There was in 1880 devoted to wheat culture over thirty-five million acres, or nearly double the acreage of 1875. In twenty-five years a hundred million people will more than overtake any present or prospective surplus, and we may yet need all of our present magnificent wheat fields to give bread to our own people. Certainly we need not be in haste to slaughter and utterly exhaust the native fertility of our fields on the cheap terms now presented.

England, with all her faults, is great, but unfortunately has not room to support her greatness, and must have cheap food and be able to offer better wages or part with great numbers of her people. I most sincerely hope her statesmen—and she is never without those of eminence—will prove equal to their great trust and to any crisis; but we cannot surrender the welfare of our Republic to any foreign empire. Free trade may or may not be England’s necessity. Certainly it is not our necessity; and it has not reached, and never will reach, the altitude of a science. An impost on corn there, it is clear, would now produce an exodus of her laboring population that would soon leave the banner of Victoria waving over a second-rate power.
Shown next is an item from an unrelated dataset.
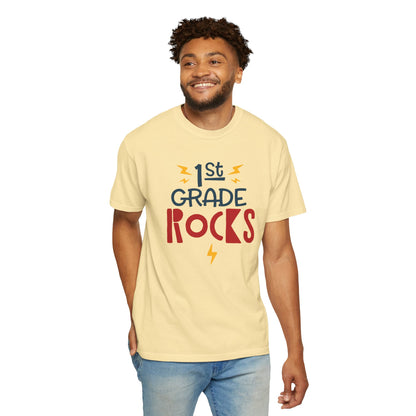 Funny 1st Grade Romeo Learning Legend Super Scholar Junior Geniuses Science Star Student’s Day Unisex Heavy Cotton T-Shirt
Among the nations of the world the high position of the United States was never more universally and cordially admitted. Our rights are everywhere promptly conceded, and we ask nothing more. It is an age of industry, and we can only succeed by doing our best. Our citizens under a protective tariff are exceptionally prosperous and happy, and not strangers to noble deeds nor to private virtues. A popular government based on universal suffrage will be best and most certainly perpetuated by the elevation of laboring men through the more liberal rewards of diversified employments, which give scope to all grades of genius and intelligence and tend to secure to posterity the blessings of universal education and the better hope of personal independence.

Speech of Hon. J. D. Cameron, of Penna.

On the Reduction of Revenue as Affecting the Tariff. Delivered in the United States Senate January 16, 1882.

Mr. Cameron, of Pennsylvania. I move to take up the resolution submitted by me in relation to internal-revenue taxes.

The motion was agreed to; and the Senate proceeded to consider the following resolution submitted by Mr. Cameron, of Pennsylvania, December 6, 1881:

Resolved, That in the opinion of the Senate it is expedient to reduce the revenue of the Government by abolishing all existing internal revenue taxes except those imposed upon high wines and distilled spirits.

Mr. Cameron, of Pennsylvania. Mr. President, the surplus revenue of this Government applicable to the payment of the public debt for the year ending June 30, 1881, was $100,069,404.98.

The inference from these figures must be that if such surplus receipts are applied to the reduction of the debt it will be paid within ten or twelve years. The question then is: Should the people continue to be taxed as heavily as they now are to pay it off within so short a period? Is it wise or prudent?